If you want to place control plane replicas in a single zone, use a single subnet and zone. If you use NAT Gateway for outbound connectivity, make sure that the endpoint is placed in the same zone.

If you want to place replicas in two or three zones, you can pass a list of subnets and zones when you create a cluster. When you pass two subnets and zones, GKE on Azure places two replicas in the first zone provided. When you pass in three subnets and zones, GKE on Azure places replicas in each subnet. For more information, see Place replicas in a specific subnet.

For more information on configuring Azure subnets and zones for high availability, see Zone isolation with zonal stacks in the Azure documentation.

Place replicas in a specific subnet

This section is optional.

To control which zones control plane replicas are placed in, you use the --replica-placements flag and pass a list of subnet IDs and zones when you create your cluster. You can use up to three subnets and zones where to place the control plane replicas.

To format the list of subnets, perform the following steps.

  1. Retrieve your Azure subnet IDs with the az command-line tool:

    az network vnet subnet show \
      --resource-group=VNET_RESOURCE_GROUP_NAME --vnet-name=VNET_NAME \
      --name SUBNET_NAME --query "id" -otsv
    

    Replace the following:

    • CLUSTER_RESOURCE_GROUP_NAME: an existing resource group name where you want to run your cluster
    • VNET_RESOURCE_GROUP_NAME: the resource group name that holds your VNet
    • VNET_NAME: your VNet name
    • SUBNET_NAME: your subnet name

    The output is the ID of the subnet.
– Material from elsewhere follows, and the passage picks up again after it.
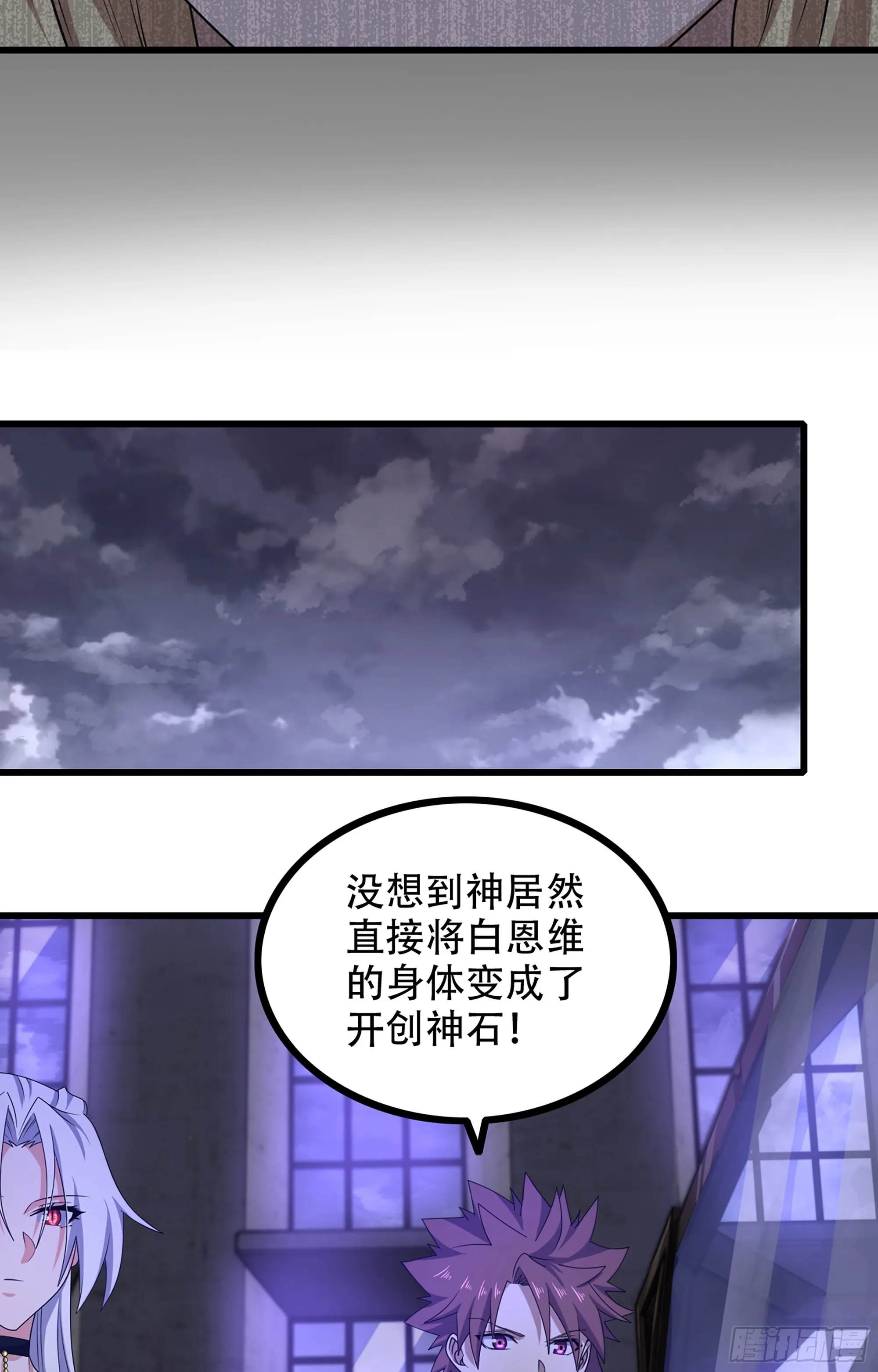 366- 取回力量 第37页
Azure subnet IDs look like the following:

    /subscriptions/SUBSCRIPTION_ID/resourceGroups/RESOURCE_GROUP/providers/Microsoft.Network/virtualNetworks/VNET_NAME/subnets/SUBNET_NAME
    

    Repeat this command for each subnet where you would like to create a control plane replica in. Copy the subnet IDs into a text editor for the following step.

  2. Create a comma-separated list of subnet IDs and Azure availability zones, with a colon separating the subnet and zone. For example, to create control plane replicas in subnet1 in zone 1, subnet2 in zone 2, and subnet3 in zone 3, you use the following string:

    /subscriptions/SUBSCRIPTION_ID/resourceGroups/RESOURCE_GROUP/providers/Microsoft.Network/virtualNetworks/VNET_NAME/subnets/subnet1:1,/subscriptions/SUBSCRIPTION_ID/resourceGroups/RESOURCE_GROUP/providers/Microsoft.Network/virtualNetworks/VNET_NAME/subnets/subnet2:2,/subscriptions/SUBSCRIPTION_ID/resourceGroups/RESOURCE_GROUP/providers/Microsoft.Network/virtualNetworks/VNET_NAME/subnets/subnet3:3
    

    Copy this string and use it as the value for the --replica-placements flag when you create a cluster.

Select CIDR ranges for your cluster

When you create a cluster in GKE on Azure, you need to provide IPv4 address ranges to use for Pods and Services.

These IP ranges are specified using Classless Inter-Domain Routing (CIDR) notation—for example, 100.64.0.0/16.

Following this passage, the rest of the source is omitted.